PROVIDED MATERIAL START

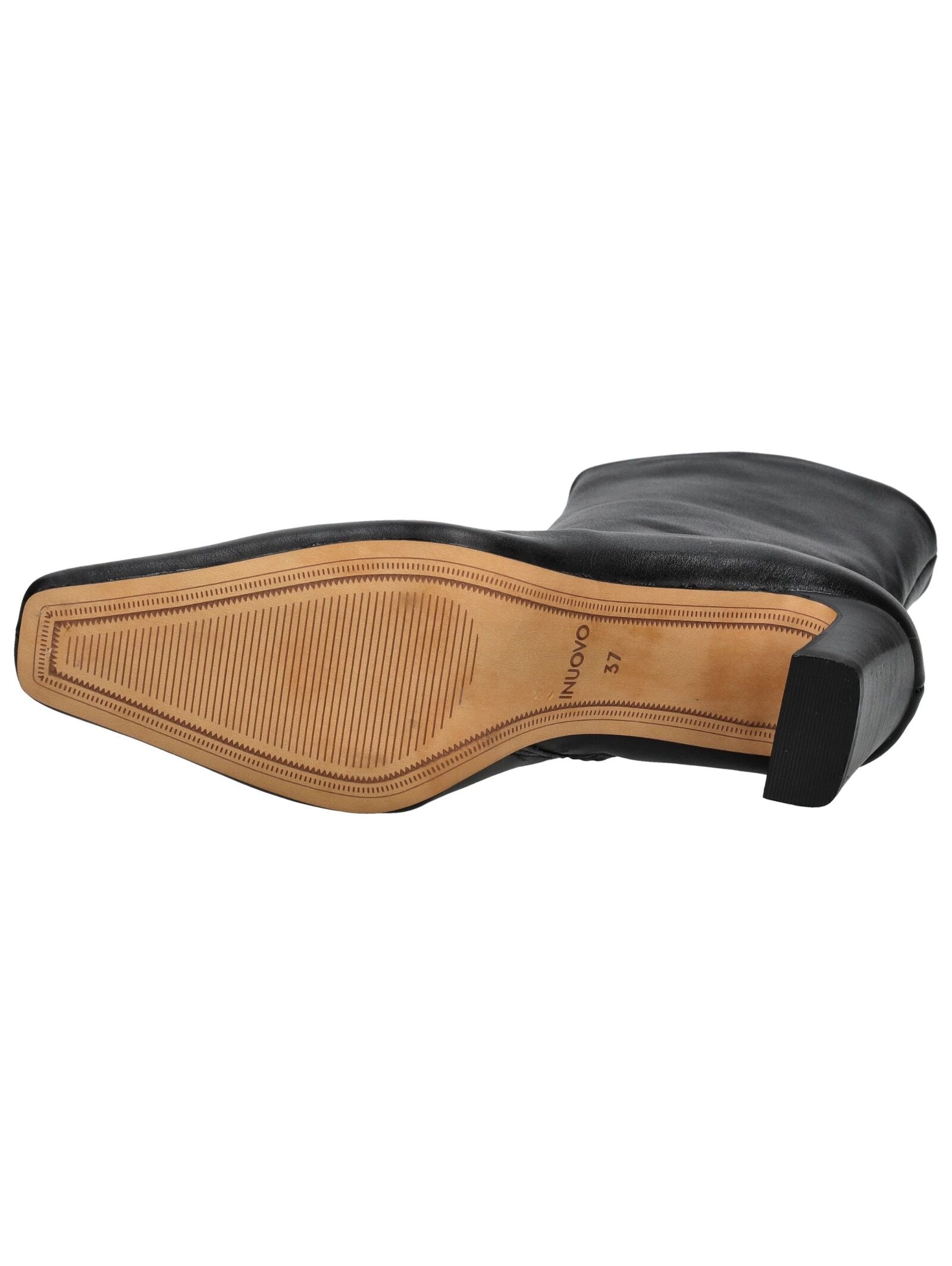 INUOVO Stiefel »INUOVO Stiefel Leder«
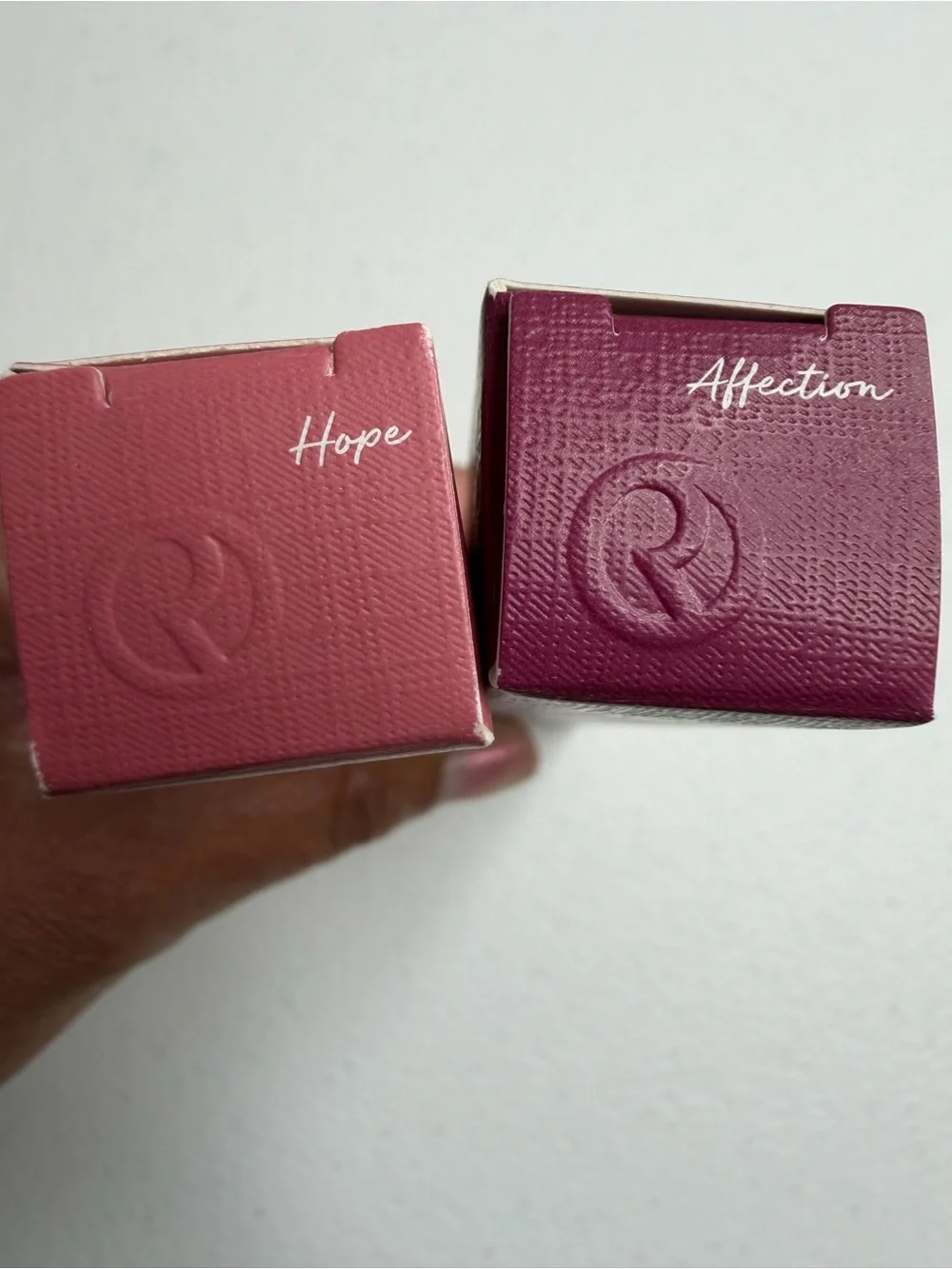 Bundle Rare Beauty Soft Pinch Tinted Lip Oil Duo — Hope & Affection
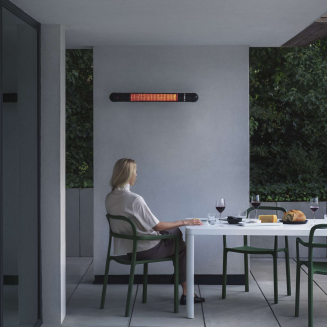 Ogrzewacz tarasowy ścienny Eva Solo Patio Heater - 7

PROVIDED MATERIAL END

Everything in the data except the pictures needs to be written out exactly.

 INUOVO Stiefel »INUOVO Stiefel Leder«
 Bundle Rare Beauty Soft Pinch Tinted Lip Oil Duo — Hope & Affection
 Ogrzewacz tarasowy ścienny Eva Solo Patio Heater - 7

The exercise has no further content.